La dette publique du Kosovo continue de marquer la croissance, bien qu'elle soit estimée comme la plus faible de la région. Selon les données récentes de la Banque centrale de la République du Kosovo, en 2016, la dette totale de l'État a atteint 862,7 millions d'euros, alors que 2015 a été d'environ 750 millions d'euros. Cette croissance [...]
Cette augmentation de la dette, selon le rapport de la Banque centrale, est principalement attribuée à l'augmentation de la dette intérieure, qui a atteint 479 millions d'euros, tandis que la dette extérieure publique a atteint 373,8 millions d'euros.
Exprimé en pourcentage, la dette publique a atteint 14,5 % du produit Bruto. Cette valeur de la dette, par les experts des questions économiques, n'est pas considérée comme élevée et selon eux, il est possible d'obtenir des prêts à des fins de développement.
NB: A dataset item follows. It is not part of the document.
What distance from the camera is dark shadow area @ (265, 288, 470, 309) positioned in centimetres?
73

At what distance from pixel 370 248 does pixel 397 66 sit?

La dette globale correspond au total de la dette des États et des municipalités. Cette dette est contractée au nom des institutions du gouvernement central, que la République du Kosovo est tenue de payer.
Le président de l'Ode économique du Kosovo, Safet Gerjaliu pour Radio Free Europe, affirme que le montant de la dette publique du Kosovo ne peut être considéré comme alarmant car il s'inscrit dans le cadre juridique.
Je dis cela sur la base du fait que l'évolution de la dette doit être mesurée et comparée au niveau de croissance économique. Et si la Banque mondiale et le Fonds monétaire confirment la croissance économique pour 2016 près de 4 pour cent et que nous avons ce niveau de dette, alors nous n'avons pas besoin d'ennuis. Mais au lieu de cela, cela devrait nous motiver à avoir des projets qui ont une meilleure raison et la discipline financière”, dit Gerjaliu.
Même l'autre expert sur les questions économiques, Naim Gashi, dit que par rapport aux pays de la région, le Kosovo a le pourcentage le plus faible de la dette publique, mais que selon lui, cette dette ne devrait pas être augmentée de manière incontrôlée.
Le Kosovo dispose d'un espace judiciaire pour continuer à emprunter, mais même si la législation en vigueur nous permet de le faire, même les paramètres des institutions financières internationales le permettent. Cependant, le Kosovo doit être très prudent dans l'entrée de nouvelles dettes et les générations à venir pour payer nos dettes, dans lesquelles il n'y a pas d'avantages économiques et financiers directs, pour l'économie, pour les citoyens et pour l'État ark”, a déclaré Gashi.
Gashi pour Radio Free Europe a également déclaré qu'il existe de nombreux secteurs et de nombreux projets rentables au Kosovo, pour lesquels les autorités compétentes peuvent emprunter et rembourser facilement le prêt.
Entre-temps, Safet Grrejaliu souligne que l'accès au crédit pour investir dans les infrastructures doit être négligé, mais il est temps, dit-il, d'atteindre d'autres objectifs, à savoir le renforcement du secteur privé.
Dans cette direction, nous avons vraiment besoin de plus d'institutions pour la recherche et le développement, qui malheureusement au Kosovo peuvent trouver peu ou rien à se débarrasser, souligne Gerjaliu.
Autrement, selon la loi sur la dette publique, en aucun cas la dette totale impayée ne devrait dépasser 40 pour cent du produit Bruto (BPV).
Si la dette globale dépasse ce pourcentage du produit Bruto local, alors le gouvernement devrait présenter au Parlement la stratégie pour ramener la dette totale sous le seuil de 40 %.